Things You'd Like to Unsee in India

Posted on the 19 March 2014 by Elena @elenatravelgram
New Delhi India
Probably, I will never stop considering one of the most amazing countries I've visited with all the amazing places I've seen, people I've met and food tasted, yet there’s still some things I’d rather push somewhere deeper down into my memories.
1. Litter and dirt everywhere.
I've read pretty lot of different stuff before going to India - blogs, guides, books and other stuff I could find online in different languages. It was one thing that everyone warned about -terrible dirt!
My friends were so optimistic about me catching up some sort of disease and were like "Girl, don't die there". My mom insisted on doing all sort of vaccination, that I've managed to skip. But you know what?I had no health problems at all, except for a 2 day running nose after getting cold in a train from Agra to Jaipur.
I've eaten local food mostly, street food and didn't take a gallon of various antibacterial soaps and tonics.
Still, yes. You will see litter on the streets like anywhere else in the world. Maybe a bit more. And pretty much of plastic – it’s the biggest problem India currently strives with.
2. People pooping in public.

When riding anywhere in train be prepared to enjoy not only pretty rural landscapes, but the locals sitting over the rails and well, doing their shit. I really can't understand why the railroad is considered to be the perfect place for doing this, but the fact stays the fact.
3. Beggars.
Dwelling around most tourist attractions, these guys will be pretty persistent and annoying. "One dollar, miss" pleads; hungry gestures and whining will be quite lasting. Just ignore them and continue doing what you were doing. Eventually, they get lost (in around 15-20 mins).
Remember, that in case you give at least one a few rupees, in 10 secs you'll be surrounded by a crowd and it would be really hard to get away. Even if you have small stuff like candies or pens for kids, still try not to give away it. It slowly becomes a bad custom in some regions and all white people are started to be considered as gift bags only. Be a responsible traveler.
4. Traffic.
Most time when getting a ride, I felt like it would be better to keep my eyes shut. The traffic is crazy with cars, loads of bikes, scooters, horses, rickshaws and cows on the road. I can't say that Indians are terrible drivers as I've seen no road accidents, but as a passenger first few times you feel quite ... stiffed. Things you'd like to unsee in India Crossing the road is hell of adventure too.Pedestrian crossings are rather rare. As they say, when in Rome...just like the locals, stretch your open palm to the humming traffic flow and feel your Jedi force, by stopping them all to let you cross. Just don't practice that on highways.
5. Cow poops.

Try to watch your step, especially in the dark, as the holy animal is free to walk wherever it wants and does its business wherever it wants too.

Things you'd like to unsee in India

Blondie from Agra

And you'll see pretty lot of dried round poops laid in straight rows on the sun or stick to the walls of houses in rural areas.
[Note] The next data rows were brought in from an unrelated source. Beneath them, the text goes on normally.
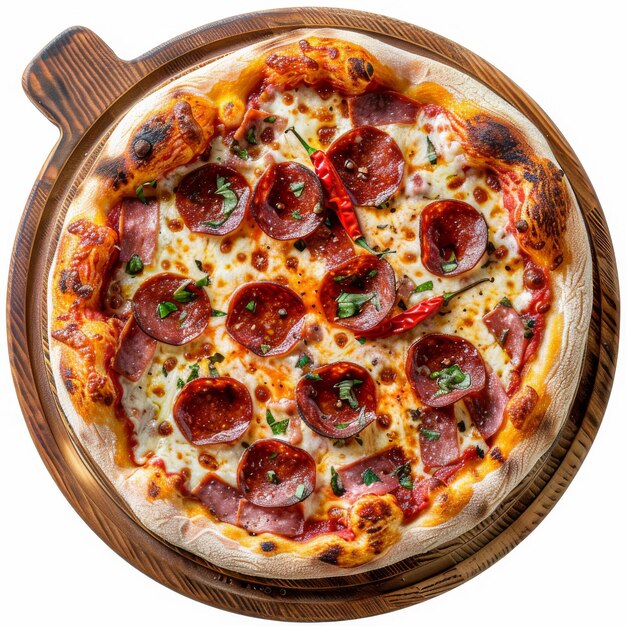 Photo pizza pepperoni pizza italienne traditionnelle diabolo pizza pain plat sur assiette en bois avec du piment au salami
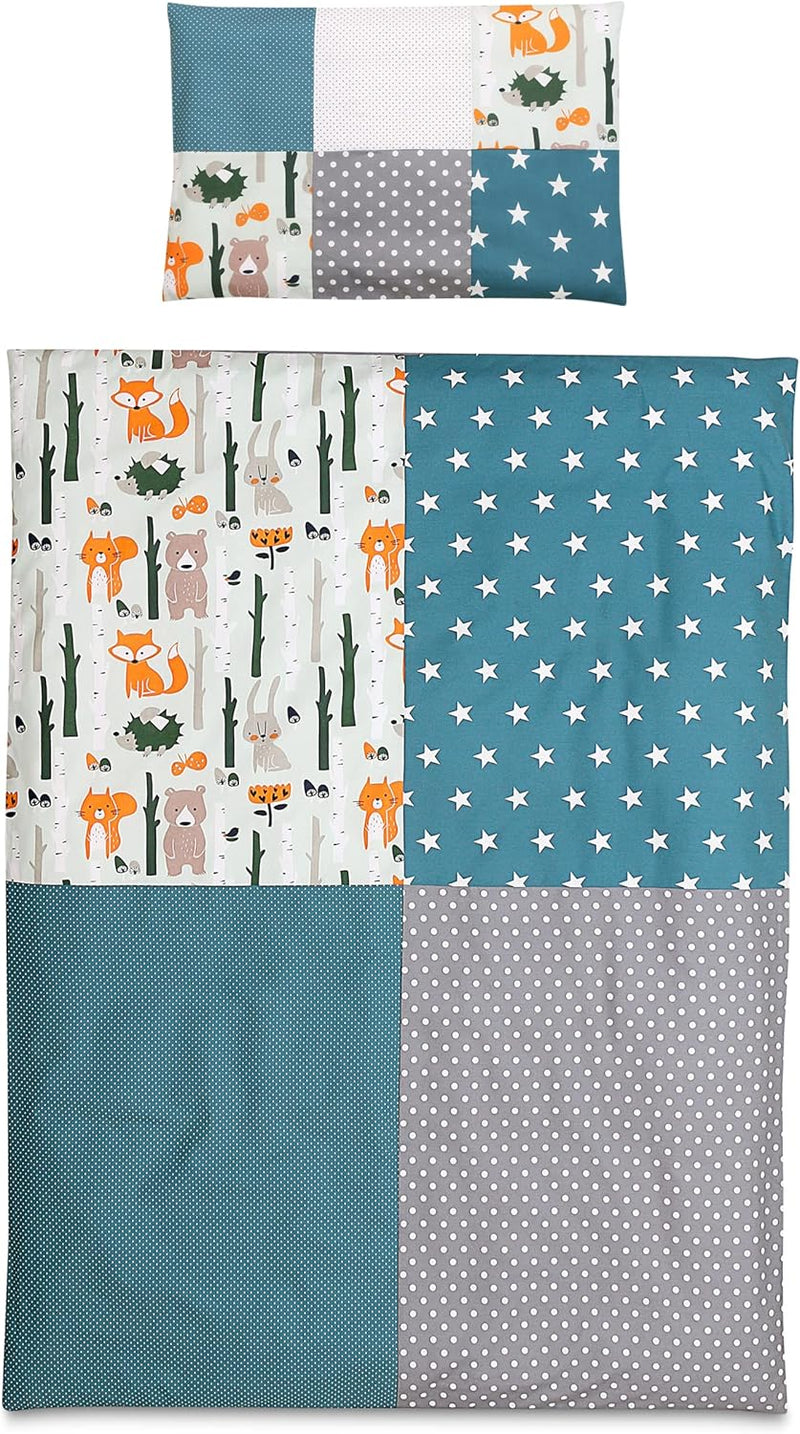 ULLENBOOM Kinderbettwäsche 100x135 cm - 100% OEKO-TEX Baumwolle - Waldtiere Petrol - Kinder Bettwäsc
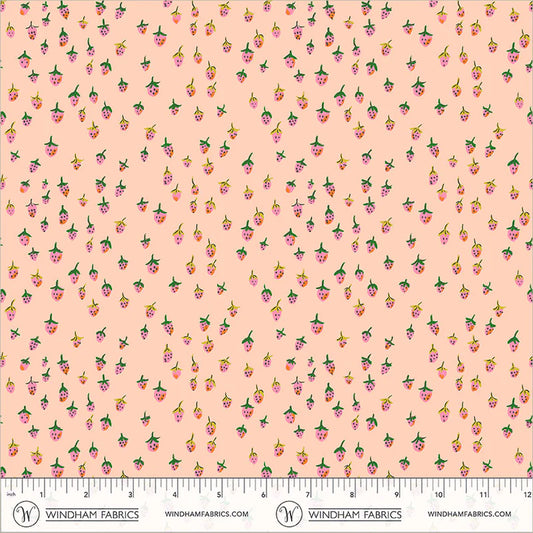 Heather Ross Favorites- Blush Field Strawberries: Sold by the 1/2 yard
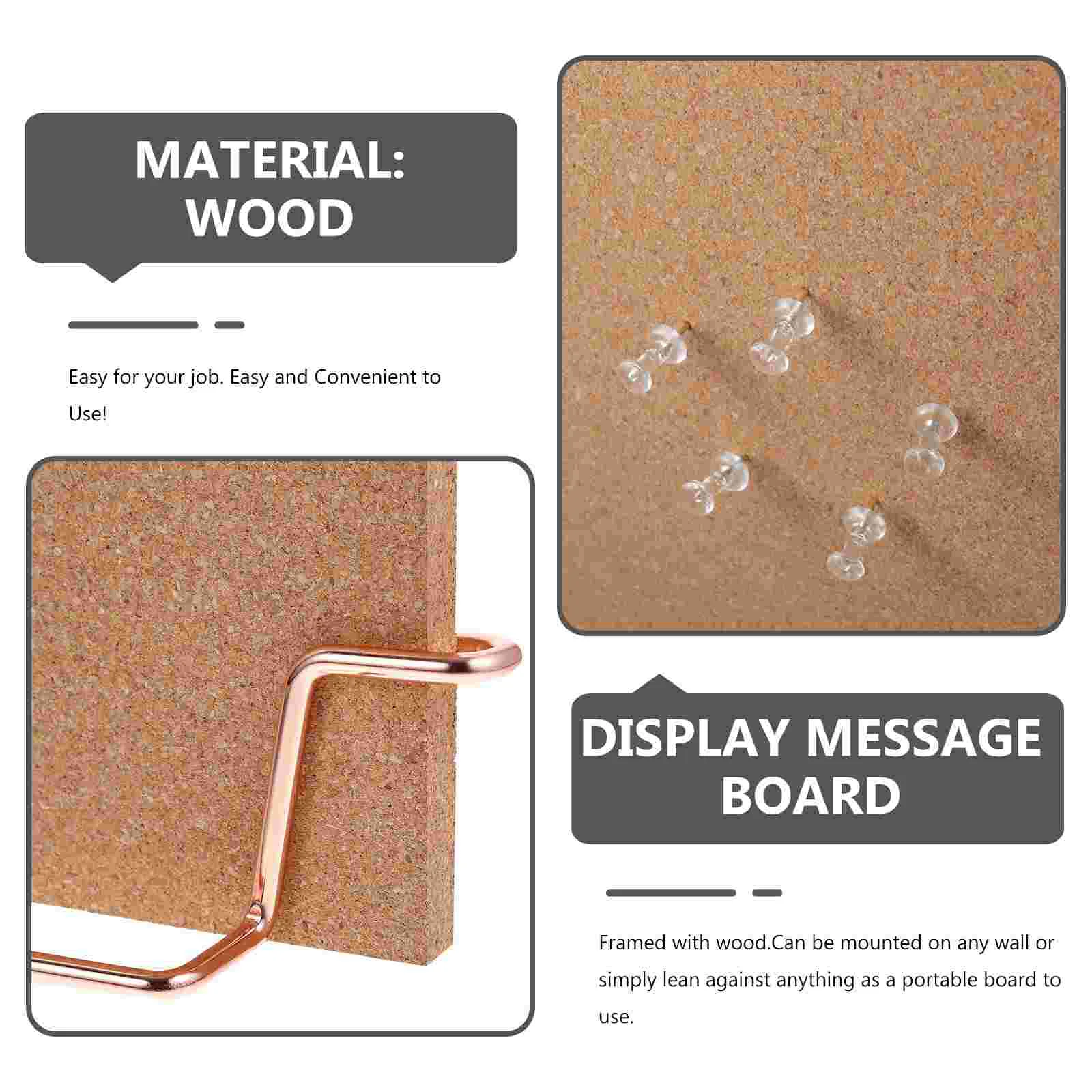 Message Board Cork Office Note Photo Wall Display Bracket Letter Sign Pin Boards for Desk Needle Plate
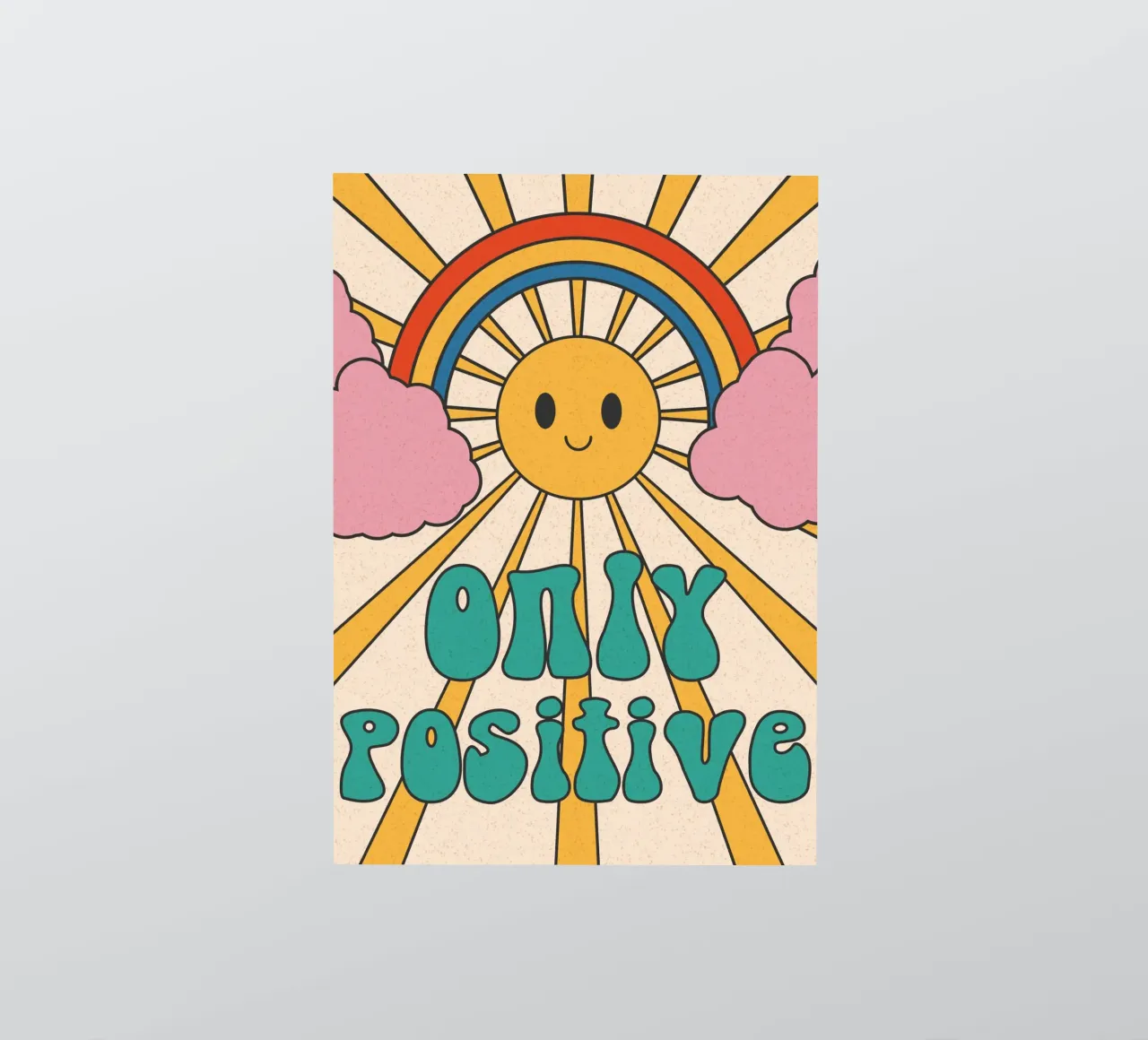 Groovy "Only Positive" Sol y Arco Iris - Retro Vibes pegatina de homdeco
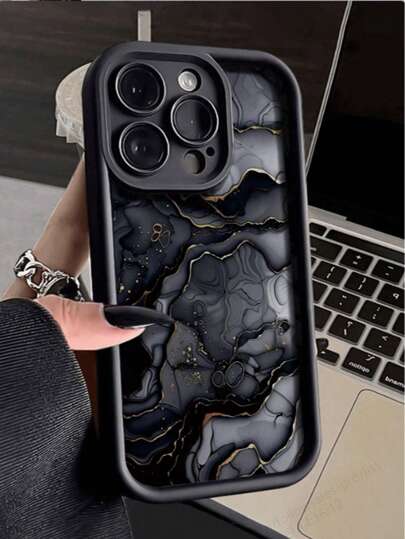 Marble Painted Groove Painted Black Thickened Precision Hole Minimalist Anti-Drop Thick Phone Protective Case, Suitable For Apple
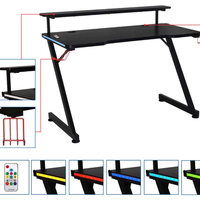 Table de jeu Mesa noire en forme de Z moderne Foshan meubles de bureau à domicile ordinateur portable en bois PC Racing RGB bureau d'ordinateur de jeu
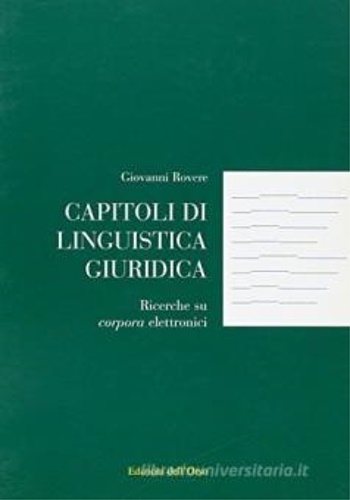 Capitoli di linguistica giuridica. Ricerche su corpora elettronici.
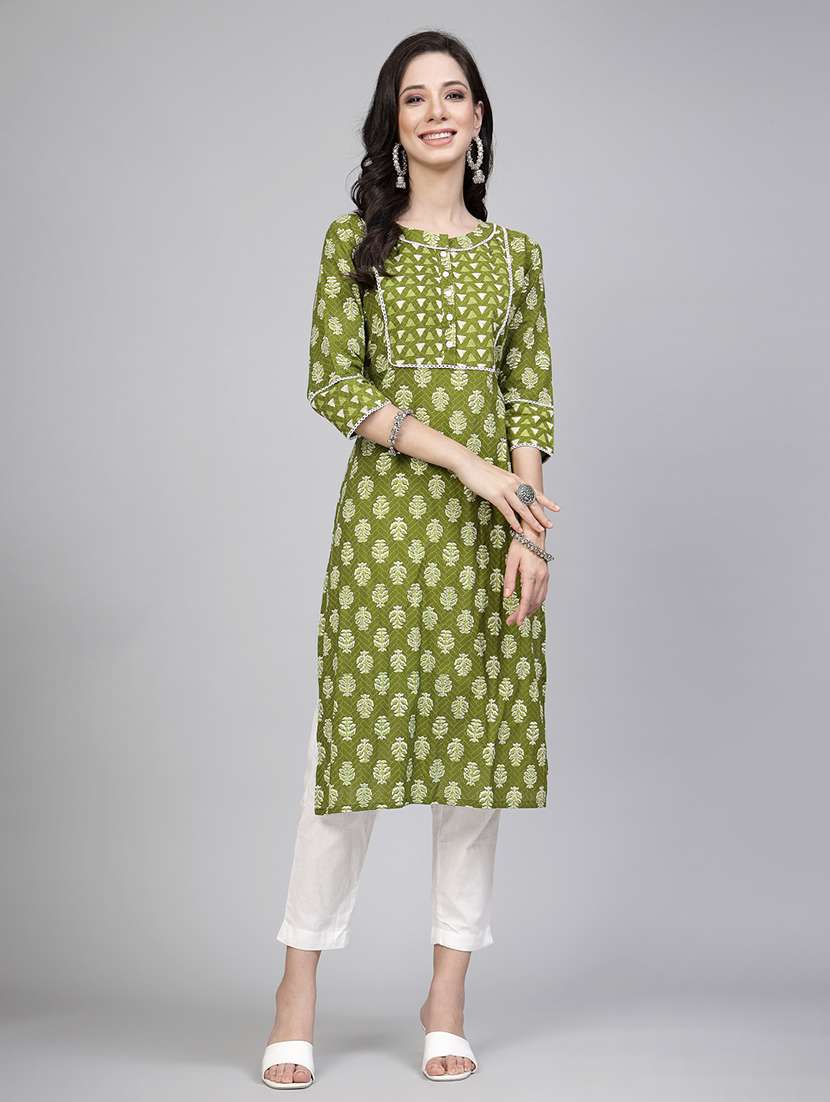 women green printed straight kurta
When dried, it's as good as firewood.

Things you'd like to unsee in India

Drying dongs on ghat in Varanasi

 6. The funeral (Manikarnika) ghatin Varanassi
For Hindus it's considered immensely sacred to be cremated at the bank of mother Ghan in 3000 year city of Varanasi. According to recent stats, there’s around 80 people cremated here daily.
Funeral ghat Varanasi
Do you know how much wood is needed for that?Around a ton. Not everyone can afford that, so quite a lot of people don't get fully cremated.
There's even a special profession usually occupied by the untouchable cast - bone breaker. That's who goes over the ashes and crushes bones and skulls that weren't fully burned down.

Funeral ghat Varanasi

Photo by S. Plattner.

I’m not much into such ceremonies, so it’s been quite a mixed experience of watching the whole process from the boat, parked close to the ghat. 7. Some guesthouses. Housing is extremely cheap and you can get a room in less than 10$ a day, but just be accurate with your choices. New shiny facades can trick you into a really creepy lodging.

Kolkatta guesthouse

Kolkatta guesthouse

In Kolkata, I was offered an 8 sq m room with no windows at all, but it was changed to a one with a view right into someone else's house.
8. Rats Yeap, quite a lot of these lil’ fellows you'll be seeing dashing around streets at night. While sitting at the porch of my hotel in Delhi and enjoying few beers with my travel buddies, we've made a game on the fastest rate to chase the food :)
Still, all these things didn't make my trip less enjoyable and I'm so much into re-visiting India once again! What are your things and experiences to add to the list?